Step 8: The next step would be to get another medical exam (worth Php 1,500 at the time) before you can proceed to the next step.
Step 9: The next step will be undergoing the pre-departure orientation seminar (PDOS), which will be conducted at the OWWA training center. The seminar will teach applicants about the culture and what to expect in living in Japan.
Step 10: After you have completed the PDOS, which, for Kath, has been four months in the making, you will be given your plane ticket (hooray!) and are now ready for deployment abroad.
However, before you fly out to Japan, you need to undergo another medical exam (yet again), but this will be the third and last one to take while in the Philippines.

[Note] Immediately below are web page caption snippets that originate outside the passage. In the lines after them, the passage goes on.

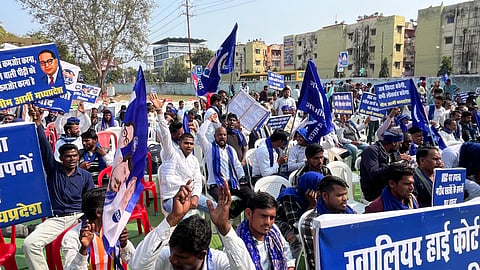 भोपाल में भीम आर्मी-ASP का प्रदर्शन: UGC व आरक्षण मुद्दों पर सरकार को चेतावनी, CM हाउस घेराव के दौरान वाटर कैनन का इस्तेमाल
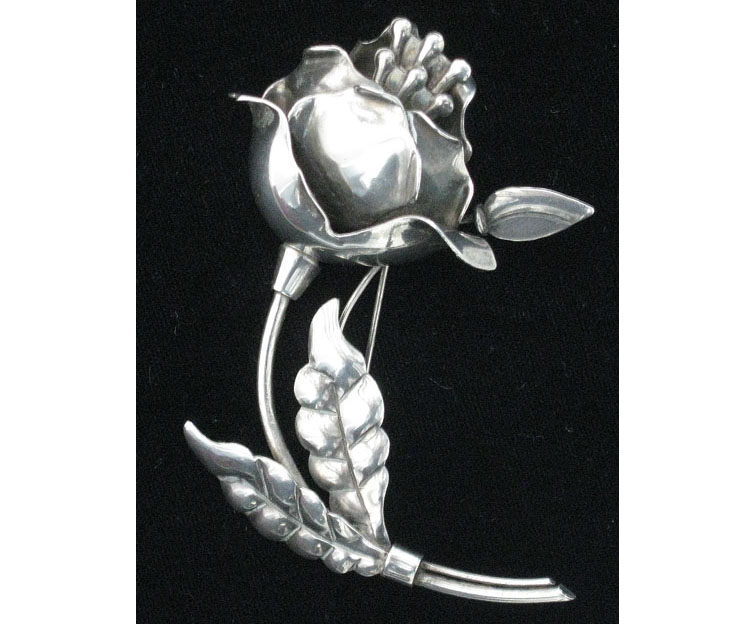 Rose brooch - Photo 1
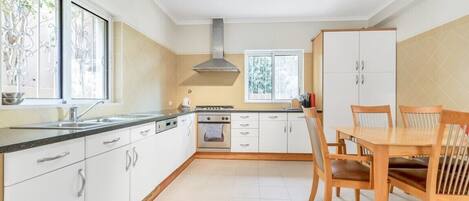 Kylskåp, mikrovågsugn, ugn och spishäll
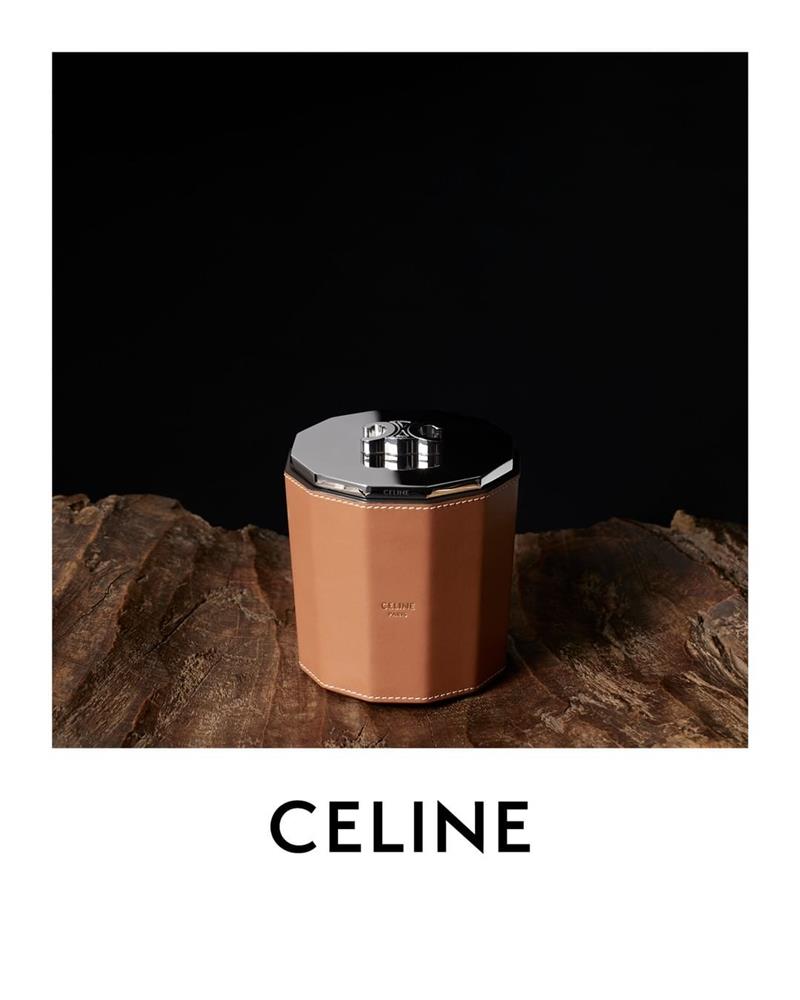 CELINE首款「高訂香氛蠟燭」系列登場！建築感線條、經典Triomphe Logo共構絕美瓶身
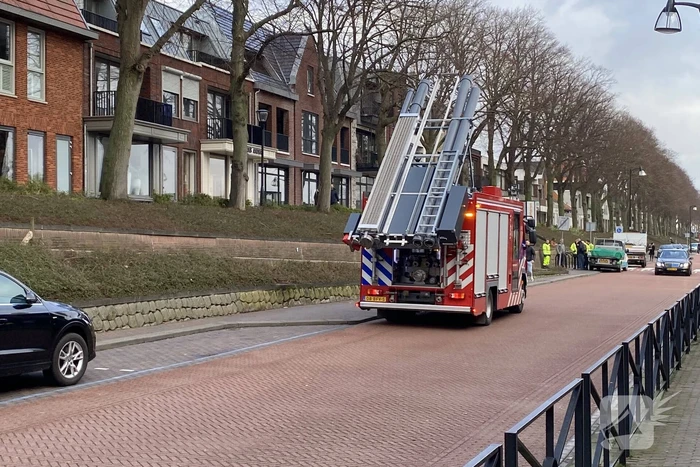 Voetpad afgesloten door losgeraakte dakpannen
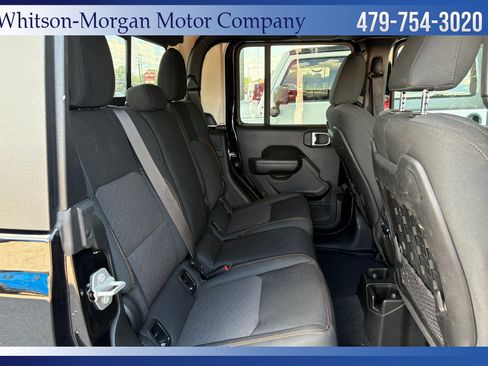 Used 2022 Jeep Gladiator Mojave w/ Cold Weather Group image 30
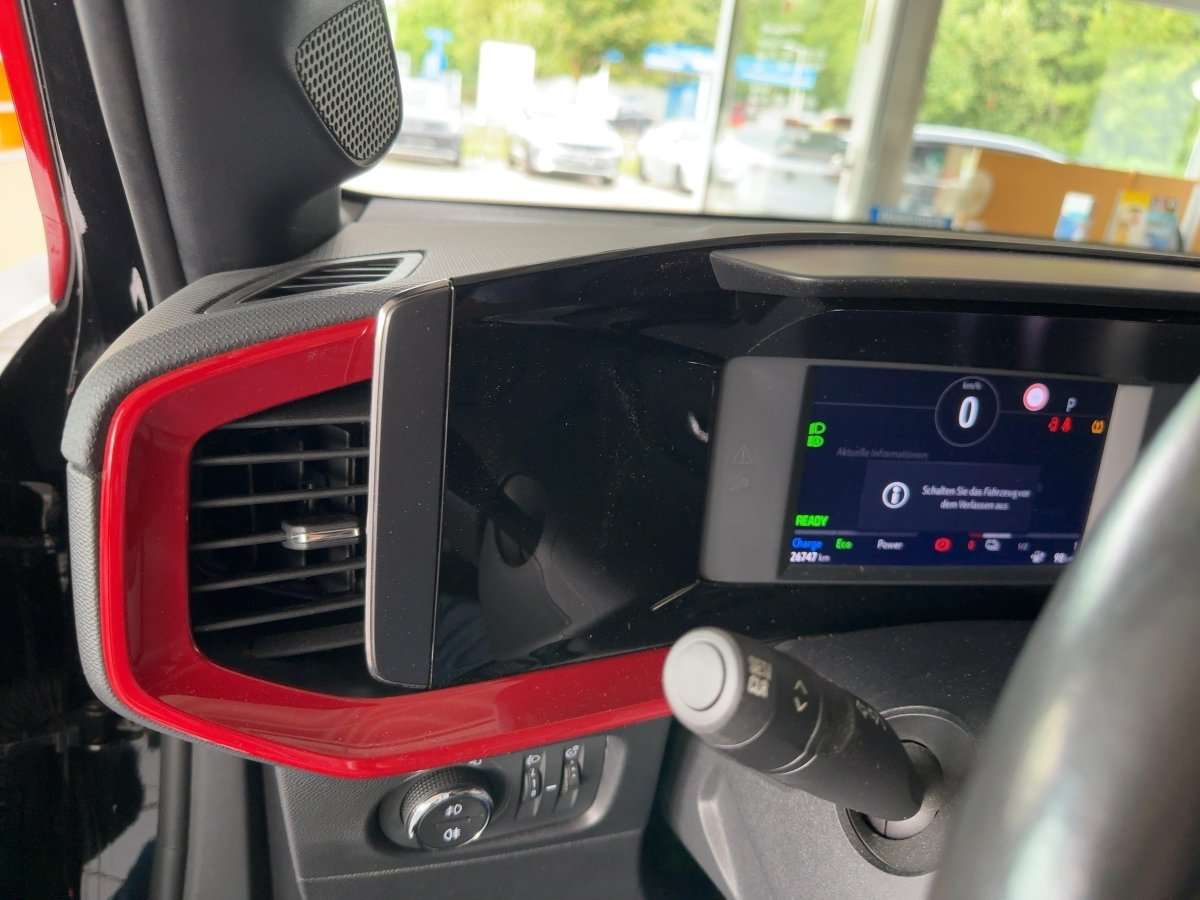 Fahrzeugbild eines Opel Mokka Electric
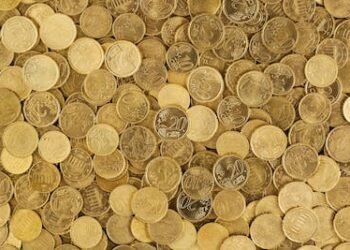 アメリカの雇用データ発表を前にして、金は再び上昇を再開しています。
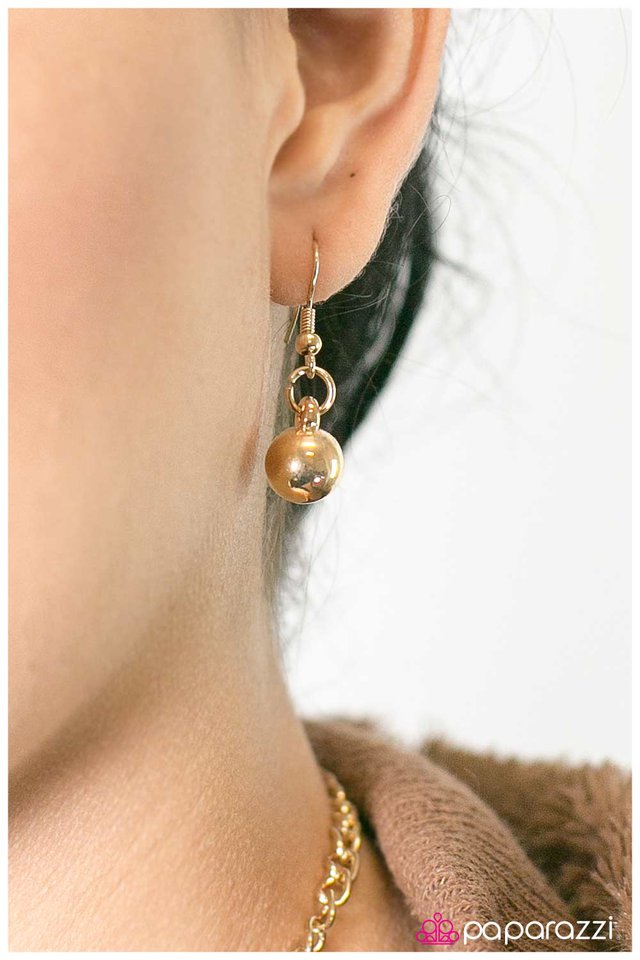 Paparazzi ♥ Fresh As A Daisy - Gold ♥ Necklace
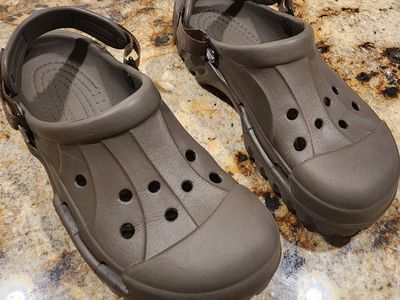 Mens Offroad CROCS, Size 11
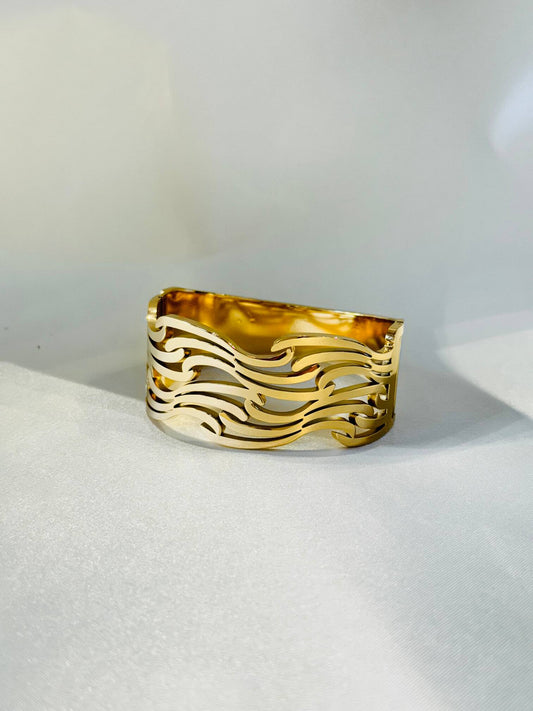 BOLD 18k GOLD PLATED ANTI TARNISH BRACELET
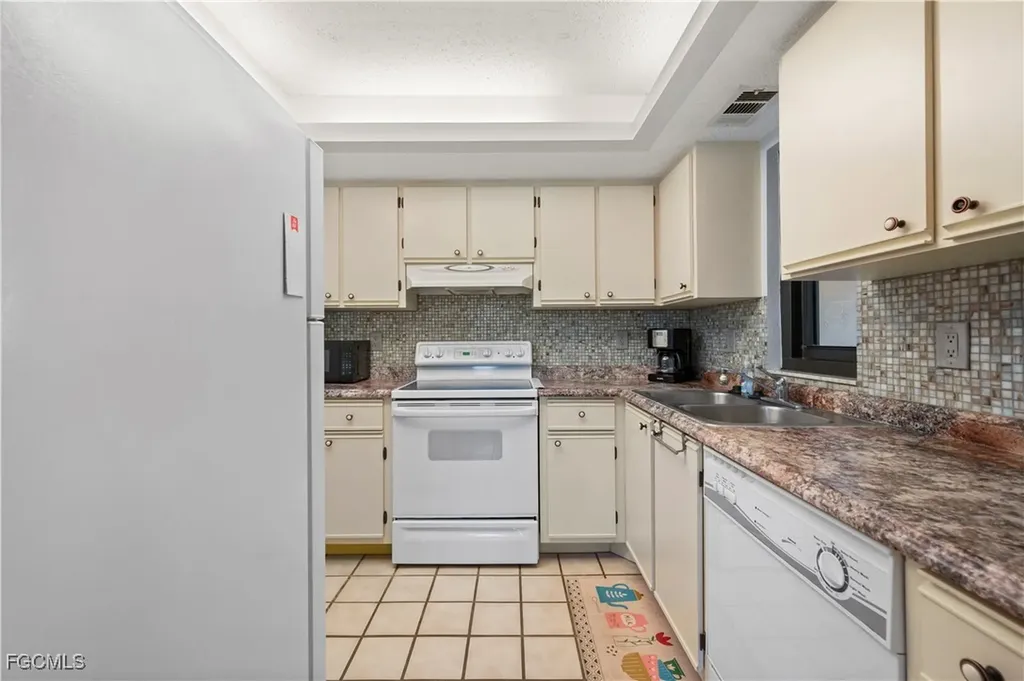 19505 Quesada Avenue Port Charlotte FL 33948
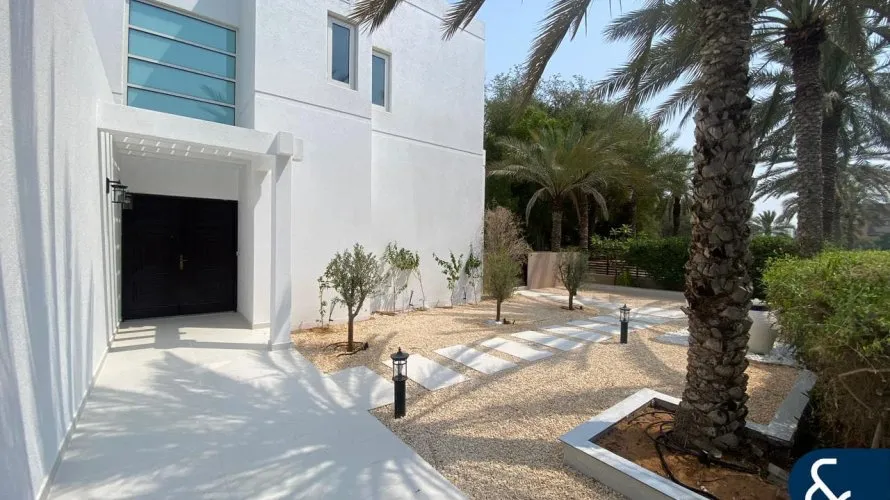 Villa de 5 dormitorios en Arabian Ranches, UAE No. 1755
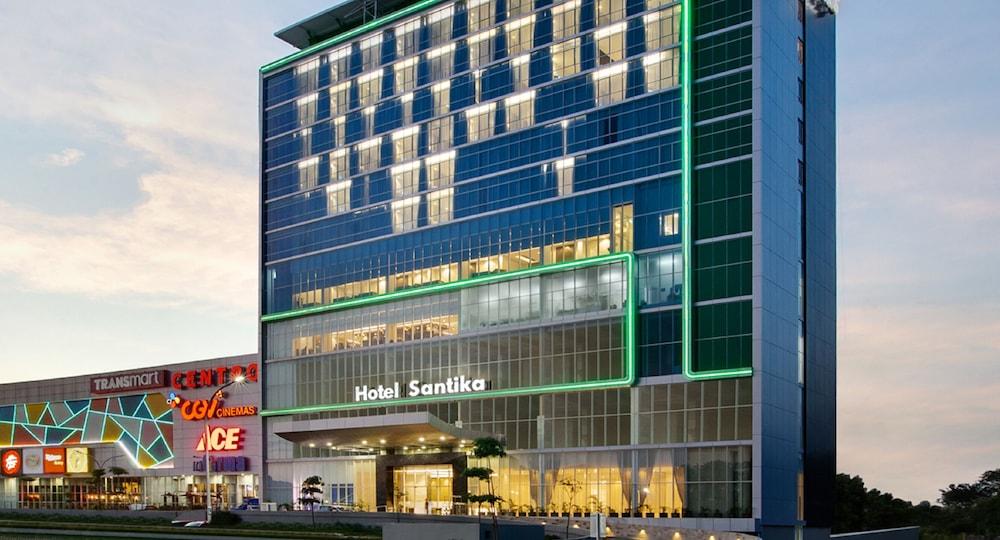 Hotel Santika Gresik Buitenkant foto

This means, that there are still a couple of more exams to undergo once you are in Japan.
During this time, you will still continue taking Japanese language training (for about 6 months) until you are regularized by your company to work in the country as per contract.
Don’t worry, because you will have your training allowance during this period (back then it was ranging from Php 25,000 to Php 35,000) as stated in your contract.
Finding work in Japan certainly is not easy, especially if you do not have any relevant work experience, but it most certainly is not impossible.
That said, Kath urges her fellow OFWs to exercise the three important things mentioned earlier which are: determination, patience, and critical thinking, coupled with your faith and trust in the Lord to help you succeed in this process. Laban, kabayan!